13 Red Flags To Look Out For At A Brazilian Barbecue Restaurant
By Hannah Rice
1. No Picanha On The Menu
The undisputed star of Brazilian barbecue is top sirloin, or "picanha" in Portuguese. It is an integral part of a churrascaria (Brazilian barbecue restaurant).
Back in the 1960s, this cut dethroned the filet mignon from its position as the most desired cut for a Brazilian-style grill out, as it has great flavor and a buttery texture.
2. More Margaritas Than Caipirinhas
The national drink of Brazil is the caipirinha, made by crushing limes in sugar to make a syrup, which is then mixed with ice and cachaça to create a citrusy drink.
A cocktail menu that serves assorted margaritas and just one type of caipirinha strongly indicates that the restaurant's owners aren't focused on sharing Brazilian culture.
3. No Skewers With Organs
Coração de frango are chicken hearts that are grilled on a stick and passed around the restaurant for all to try. They’re considered an essential part of a churrascaria.

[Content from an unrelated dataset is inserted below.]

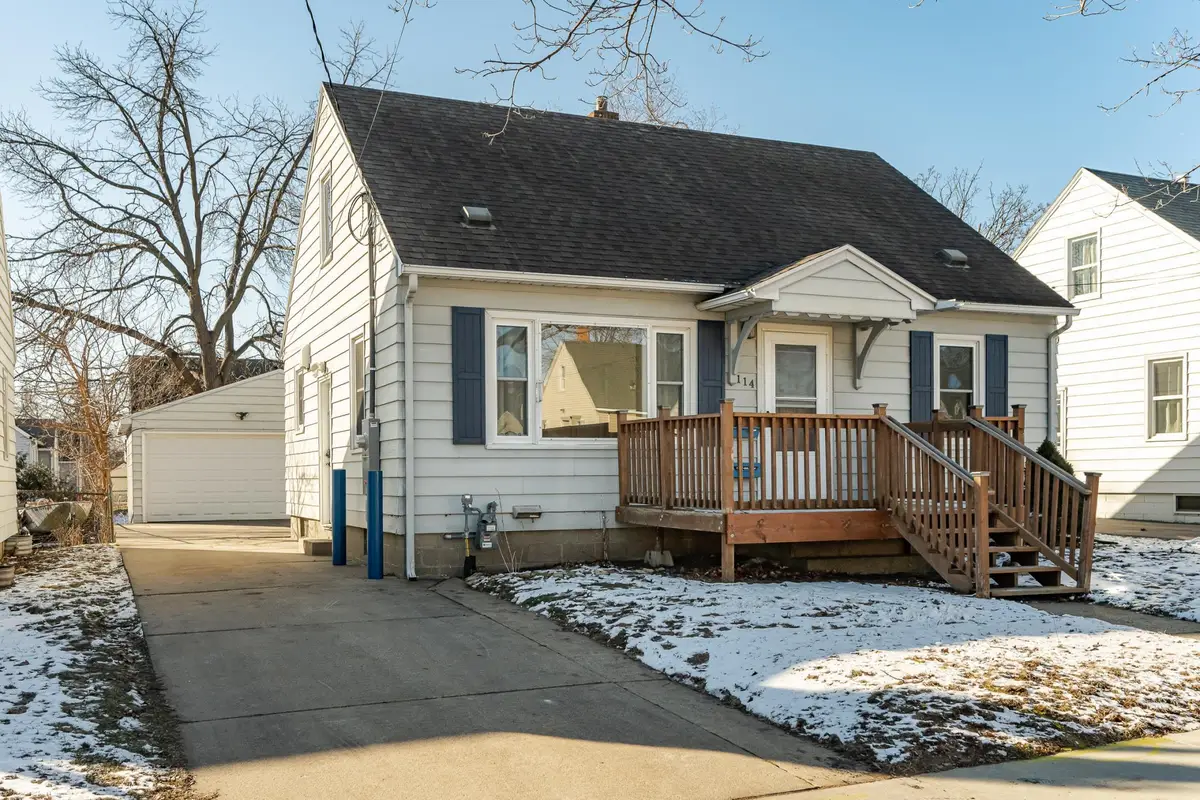 114 10 1/4 Street Se, Rochester, MN 55904 - #1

If you notice that coração de frango is missing from the menu, it's a major red flag that a restaurant is not faithful to authentic Brazilian culture. 
4. No Grilled Cheese Skewers
Grilled cheese on a stick is a popular menu item that uses "queijo coalho," a unique type of semi-hard cheese from Northeast Brazil.
Brazilian cooks simply cut the cheese into cubes, skewer it, and cook it over a hot fire. This creates a hot cheese skewer that's crispy on the outside and creamy on the inside.
5. They Serve Typical American Hot Dogs
Many Brazilians love hot dogs, but they do not tend to eat them at upscale restaurants, like churrascarias.
If you spy hot dogs on the menu, you'll know the place isn't authentic. Chorizo and Bratwurst, meanwhile, are a sure sign that a steakhouse is truly a Brazilian locale.